Born in North Carolina, Turner has resided in Wheaton since 1968, where she taught primary grades at Longfellow Elementary School, named after poet Henry Wadsworth Longfellow, an abolitionist who published “Poems on Slavery” in 1842. Cyclists can learn more via the Wheaton History Ride — Underground Railroad, courtesy of the Wheaton Bicyclist and Pedestrian Commission.

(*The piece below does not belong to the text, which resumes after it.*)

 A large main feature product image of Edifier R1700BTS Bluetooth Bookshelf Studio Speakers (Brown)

Glennette Tilley Turner discusses the Illinois Underground Railroad at Wheaton College as part of the Friday, March 8, International Women's Day Ride. Here, Turner accepted her Lifetime Achievement Award in April 2023 from John Hallwas, Illinois State Historical Society president, with her son Cyril, left. Courtesy of DuPage County Historical Society

On March 10, Pat Sweeney, membership and safety director for the Fox Valley Bicycle and Ski Club, coordinates a 20-mile, round-trip Fox River Trail ride. Cyclists roll out at 10 a.m. from the Batavia Riverwalk parking lot, Houston Street and Island Avenue, with a club-provided coffee/pastry stop at woman-owned Atrevete Confections in Montgomery.

Friends of Cycling in Elk Grove offers a March 10 ride starting 10:15 a.m. from the park district’s Pavilion Fitness, 1000 Wellington, and heading to Roselle’s Maple Leaf Coffee Roasters.

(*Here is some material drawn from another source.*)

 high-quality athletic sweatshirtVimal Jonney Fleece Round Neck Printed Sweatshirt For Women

Lombard’s March 11 ride, led by Piech, includes stops at abolitionist Sheldon Peck’s homestead and home of lawyer suffragist Ellen Martin, the first female to vote in Illinois. The 4:30 p.m. ride starts at Lombard’s Noon Whistle Brewery.

Check appropriate websites for Chicago area IWD ride details:

  • March 8: 6 a.m., free indoor session, 445Cycling House of Watts, 3691 Darlene Court, Aurora;
  • March 9: 9:30 a.m., Trek of Highland Park, 1925 Skokie Valley Road; post-ride Pilates session from noon to 12:30 p.m.;
  • March 9: 10 a.m., Cycle Brookfield, Brookfield Village Hall, 8820 Brookfield Ave.;
  • March 10: 9:45 a.m., Morton Arboretum in Lisle;
  • March 11: 4:30 p.m., Lombard’s Noon Whistle Brewery, 800 E. Roosevelt Road.

Legislative bill tracker

Ride Illinois, a statewide nonprofit bicycle advocacy organization, recently introduced its State and Federal Bicycle Bill Tracker for Illinois residents to keep abreast of biking legislation introduced in Congress and the Illinois General Assembly.

Per Ride Illinois Executive Director Dave Simmons, the tracker links to Congress.gov and ILGA.gov and automatically updates bill progress through the legislative process.

As of late February, the tracker listed six state and four federal biking-related bills addressing various issues: Paved bike trail signage, pedestrian/bikeway funding, even posthumous federal honors for African American bike racer Marshall Walter “Major” Taylor (H. R. 6672). Three involve e-bike rebates or incentives.

In the Illinois General Assembly, state Sen. Mike Simmons (D-7) reintroduced SB2015 in January, amending the Electric Vehicle Rebate Act to include e-bikes. As currently written, it provides a $400 rebate to Illinois residents purchasing an e-bike ($1,200 for low-income individuals).

HB4210, introduced by state Rep. Kam Buckner (D-26), establishes grants up to 75% of the purchase price of electric-assist cargo bikes, under certain conditions, for Illinois owners operating in counties of 3 million people or more.

In Congress, H. R. 6659, E-Bike Share Act, directs the Transportation Department to establish a grant program to facilitate electric bicycle sharing services for disadvantaged communities.

As e-bike rebates is a top legislative goal, Ride Illinois joined a group of more than 20 Illinois organizations to request inclusion of “an e-bike rebate (or incentive) program as one of the priority solutions to significantly and rapidly reduce greenhouse gas emissions” in Chicagoland’s Priority Climate Action Plan.

This plan was due March 1 to the U.S. Environmental Protection Agency by the city of Chicago, Metropolitan Mayors Caucus and Chicago Metropolitan Agency for Planning. Other groups joining Ride Illinois for e-bike rebates included Active Transportation Alliance, Sierra Club, Metropolitan Planning Council and several suburban biking organizations.